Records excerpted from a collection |
BEGIN
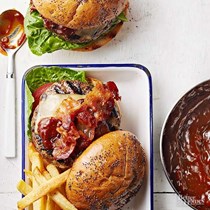 Bacon cheeseburgers with Kentucky bourbon sauce
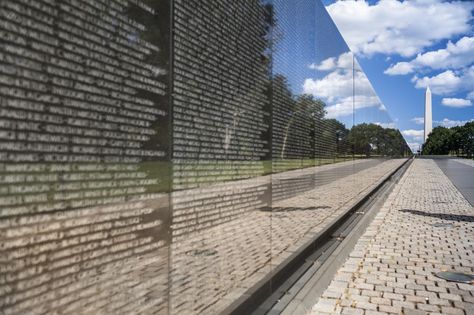 Vietnam Veterans Memorial - WorldStrides Washington Dc Travel Guide, Maya Lin, Vietnam Memorial, Memorial Wall, Virginia Travel, Vietnam Vets, Washington Dc Travel, Dc Travel, Vietnam Veterans Memorial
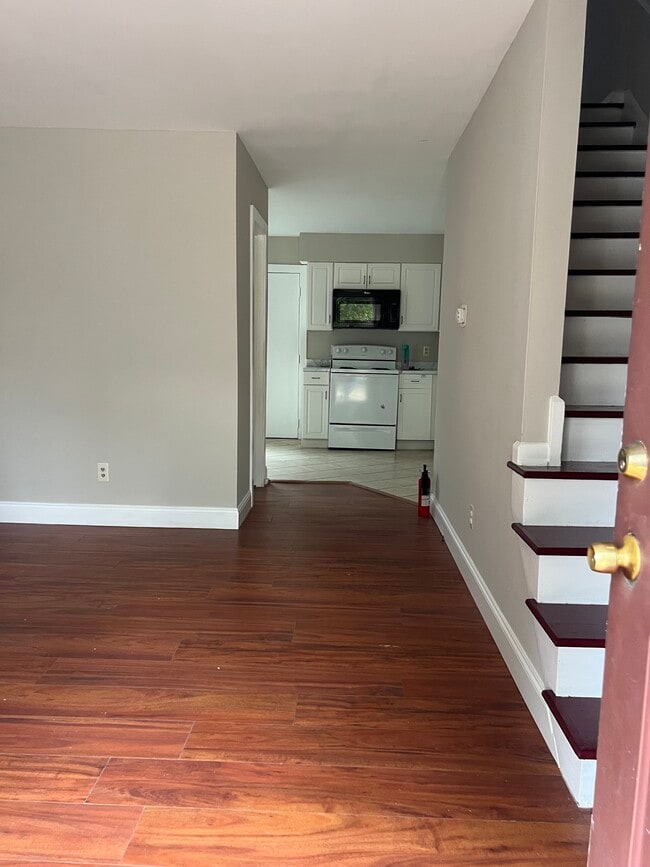 Sala de estar - 1746 Pine Tree St S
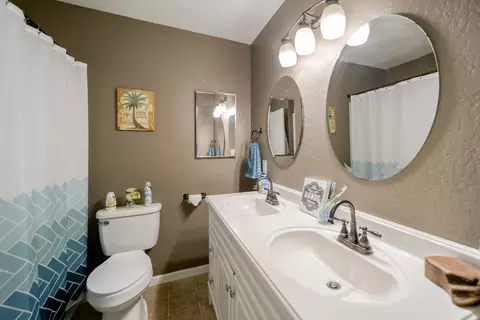 4645 Enchanted Way, Redding, CA 96001 photo 7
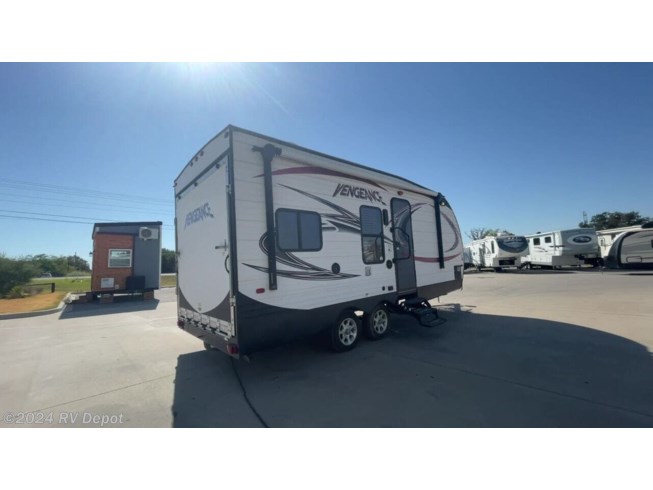 2015 Forest River Vengeance 19V - Used Toy Hauler For Sale by RV Depot in Cleburne , Texas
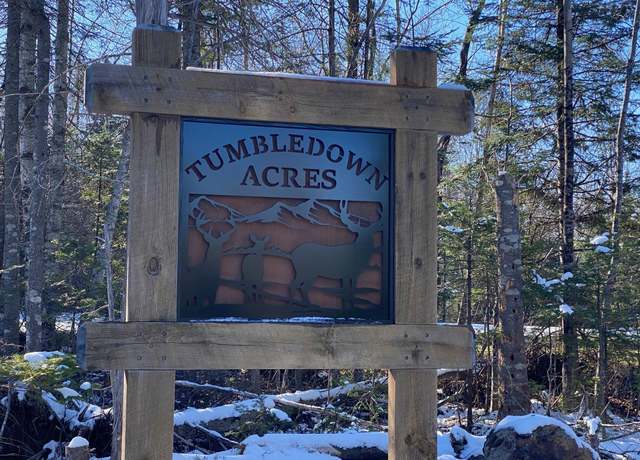 Property at 7 Tumbledown Ln, Greenville, ME 04441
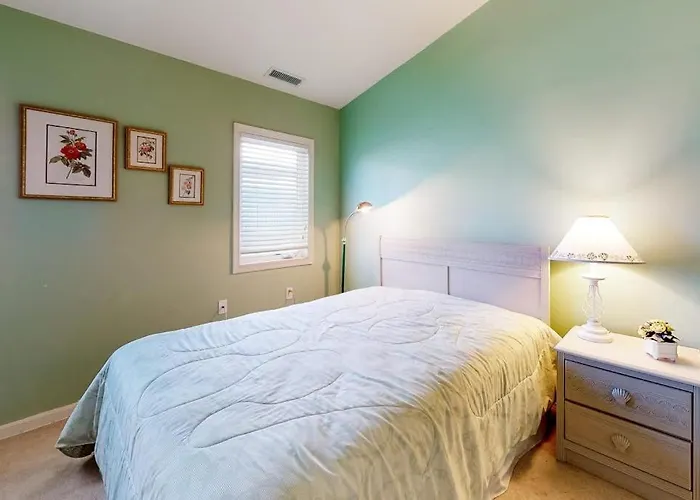 Well-located With Partial Ocean Views Private Balcony Washer & Dryer Ac Ocean City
END
Retype word for word the span of lines above that begins with the line containing "Vietnam Veterans Memorial - WorldStrides" and ends with the last line of the records; skip all pictures.

RESPONSE BOX |
 Vietnam Veterans Memorial - WorldStrides Washington Dc Travel Guide, Maya Lin, Vietnam Memorial, Memorial Wall, Virginia Travel, Vietnam Vets, Washington Dc Travel, Dc Travel, Vietnam Veterans Memorial
 Sala de estar - 1746 Pine Tree St S
 4645 Enchanted Way, Redding, CA 96001 photo 7
 2015 Forest River Vengeance 19V - Used Toy Hauler For Sale by RV Depot in Cleburne , Texas
 Property at 7 Tumbledown Ln, Greenville, ME 04441
 Well-located With Partial Ocean Views Private Balcony Washer & Dryer Ac Ocean City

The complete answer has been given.